Last October, the UConn Law community was rocked by the loss of Richard Parker. I want to thank the Yale Journal on Regulation for establishing this series, collecting these remembrances, and inviting me to participate.
In the classroom, Richard was a well-liked and effective teacher; among the faculty, he was a brilliant scholar and a vital member of the community; and to our Semester in DC students, present and past, he was a life-changing mentor and the founder of a program that helped launch many careers. After his passing, accolades and remembrances poured in, highlighting the deep impressions Richard made through his scholarship, fellowship, and energy.
I liked Richard the moment I met him.
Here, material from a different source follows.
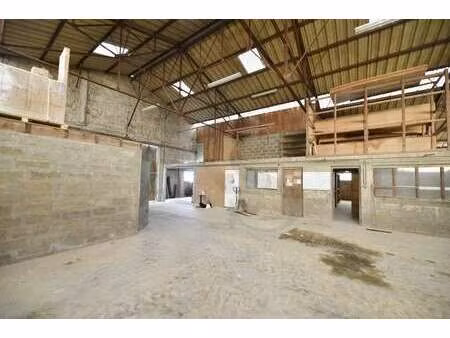 location bureaux et commerces à la selle-la-forge (61100) : à louer / 650m² la selle-la-fo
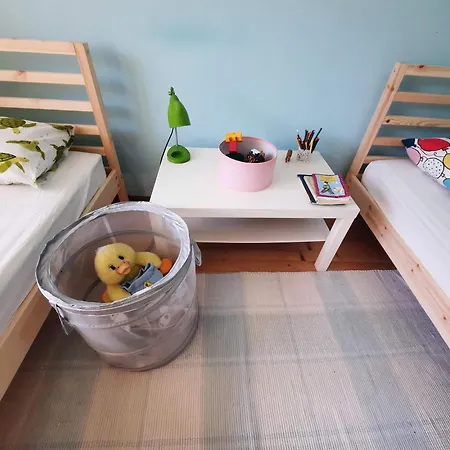 Spacious 3 Bedroom Apartment, Close To Metro Station Apartman Szófia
At the time, I was brand-new to the law school faculty, yet Richard put me at immediate ease with his eagerness to talk climate policy, environmental policy, really…. any policy. He made me feel like we were in the middle of a conversation that had begun months before we met. Aside from our mutual interests and regular faculty interactions, Richard and I became connected through UConn Law’s Center for Energy & Environmental Law, where Richard served as Policy Director, and I am the Executive Director.
Over the years, our running back and forth ranged from national politics, family chit-chat, interesting new research projects for the center, and tactical things, like how to coordinate my Environmental Law and his Administrative Law classes, so Mass v. EPA could be taught the same week to create a unique experience to our many overlapping students.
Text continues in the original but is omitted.